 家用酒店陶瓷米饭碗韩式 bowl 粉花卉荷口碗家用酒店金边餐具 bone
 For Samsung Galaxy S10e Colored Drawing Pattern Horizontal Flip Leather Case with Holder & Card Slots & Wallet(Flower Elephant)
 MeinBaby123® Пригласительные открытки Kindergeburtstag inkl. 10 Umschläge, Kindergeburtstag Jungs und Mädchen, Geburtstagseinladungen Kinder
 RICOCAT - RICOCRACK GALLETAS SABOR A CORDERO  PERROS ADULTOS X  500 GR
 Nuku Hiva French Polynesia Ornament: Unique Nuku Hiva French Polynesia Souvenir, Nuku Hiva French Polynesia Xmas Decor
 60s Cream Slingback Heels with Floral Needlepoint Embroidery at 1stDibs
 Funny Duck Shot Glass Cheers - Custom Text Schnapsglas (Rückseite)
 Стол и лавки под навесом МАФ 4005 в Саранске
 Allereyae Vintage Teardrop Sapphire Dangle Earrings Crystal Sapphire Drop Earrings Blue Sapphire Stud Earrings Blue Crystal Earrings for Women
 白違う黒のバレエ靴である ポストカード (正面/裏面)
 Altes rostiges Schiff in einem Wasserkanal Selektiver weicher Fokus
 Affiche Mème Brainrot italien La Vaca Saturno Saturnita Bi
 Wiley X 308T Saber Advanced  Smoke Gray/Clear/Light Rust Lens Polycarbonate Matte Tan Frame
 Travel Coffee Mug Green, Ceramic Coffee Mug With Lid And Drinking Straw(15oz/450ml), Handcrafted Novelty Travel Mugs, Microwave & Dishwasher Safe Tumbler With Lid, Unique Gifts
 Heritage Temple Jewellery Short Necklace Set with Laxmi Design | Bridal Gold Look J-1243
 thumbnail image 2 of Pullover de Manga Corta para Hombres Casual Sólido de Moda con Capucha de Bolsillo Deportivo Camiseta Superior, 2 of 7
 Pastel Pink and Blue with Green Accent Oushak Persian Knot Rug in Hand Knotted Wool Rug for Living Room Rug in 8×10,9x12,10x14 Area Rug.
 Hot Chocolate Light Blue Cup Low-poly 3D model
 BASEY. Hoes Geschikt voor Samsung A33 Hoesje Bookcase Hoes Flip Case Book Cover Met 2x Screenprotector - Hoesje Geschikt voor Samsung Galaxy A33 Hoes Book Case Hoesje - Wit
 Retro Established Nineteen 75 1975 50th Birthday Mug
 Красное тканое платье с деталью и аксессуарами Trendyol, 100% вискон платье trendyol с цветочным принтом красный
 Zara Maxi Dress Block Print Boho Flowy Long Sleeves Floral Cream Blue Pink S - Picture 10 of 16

· · · · ·

ACTION ITEM →
I would like you to output every record exactly as written.

WRITTEN SOLUTION →
 家用酒店陶瓷米饭碗韩式 bowl 粉花卉荷口碗家用酒店金边餐具 bone
 For Samsung Galaxy S10e Colored Drawing Pattern Horizontal Flip Leather Case with Holder & Card Slots & Wallet(Flower Elephant)
 MeinBaby123® Пригласительные открытки Kindergeburtstag inkl. 10 Umschläge, Kindergeburtstag Jungs und Mädchen, Geburtstagseinladungen Kinder
 RICOCAT - RICOCRACK GALLETAS SABOR A CORDERO  PERROS ADULTOS X  500 GR
 Nuku Hiva French Polynesia Ornament: Unique Nuku Hiva French Polynesia Souvenir, Nuku Hiva French Polynesia Xmas Decor
 60s Cream Slingback Heels with Floral Needlepoint Embroidery at 1stDibs
 Funny Duck Shot Glass Cheers - Custom Text Schnapsglas (Rückseite)
 Стол и лавки под навесом МАФ 4005 в Саранске
 Allereyae Vintage Teardrop Sapphire Dangle Earrings Crystal Sapphire Drop Earrings Blue Sapphire Stud Earrings Blue Crystal Earrings for Women
 白違う黒のバレエ靴である ポストカード (正面/裏面)
 Altes rostiges Schiff in einem Wasserkanal Selektiver weicher Fokus
 Affiche Mème Brainrot italien La Vaca Saturno Saturnita Bi
 Wiley X 308T Saber Advanced  Smoke Gray/Clear/Light Rust Lens Polycarbonate Matte Tan Frame
 Travel Coffee Mug Green, Ceramic Coffee Mug With Lid And Drinking Straw(15oz/450ml), Handcrafted Novelty Travel Mugs, Microwave & Dishwasher Safe Tumbler With Lid, Unique Gifts
 Heritage Temple Jewellery Short Necklace Set with Laxmi Design | Bridal Gold Look J-1243
 thumbnail image 2 of Pullover de Manga Corta para Hombres Casual Sólido de Moda con Capucha de Bolsillo Deportivo Camiseta Superior, 2 of 7
 Pastel Pink and Blue with Green Accent Oushak Persian Knot Rug in Hand Knotted Wool Rug for Living Room Rug in 8×10,9x12,10x14 Area Rug.
 Hot Chocolate Light Blue Cup Low-poly 3D model
 BASEY. Hoes Geschikt voor Samsung A33 Hoesje Bookcase Hoes Flip Case Book Cover Met 2x Screenprotector - Hoesje Geschikt voor Samsung Galaxy A33 Hoes Book Case Hoesje - Wit
 Retro Established Nineteen 75 1975 50th Birthday Mug
 Красное тканое платье с деталью и аксессуарами Trendyol, 100% вискон платье trendyol с цветочным принтом красный
 Zara Maxi Dress Block Print Boho Flowy Long Sleeves Floral Cream Blue Pink S - Picture 10 of 16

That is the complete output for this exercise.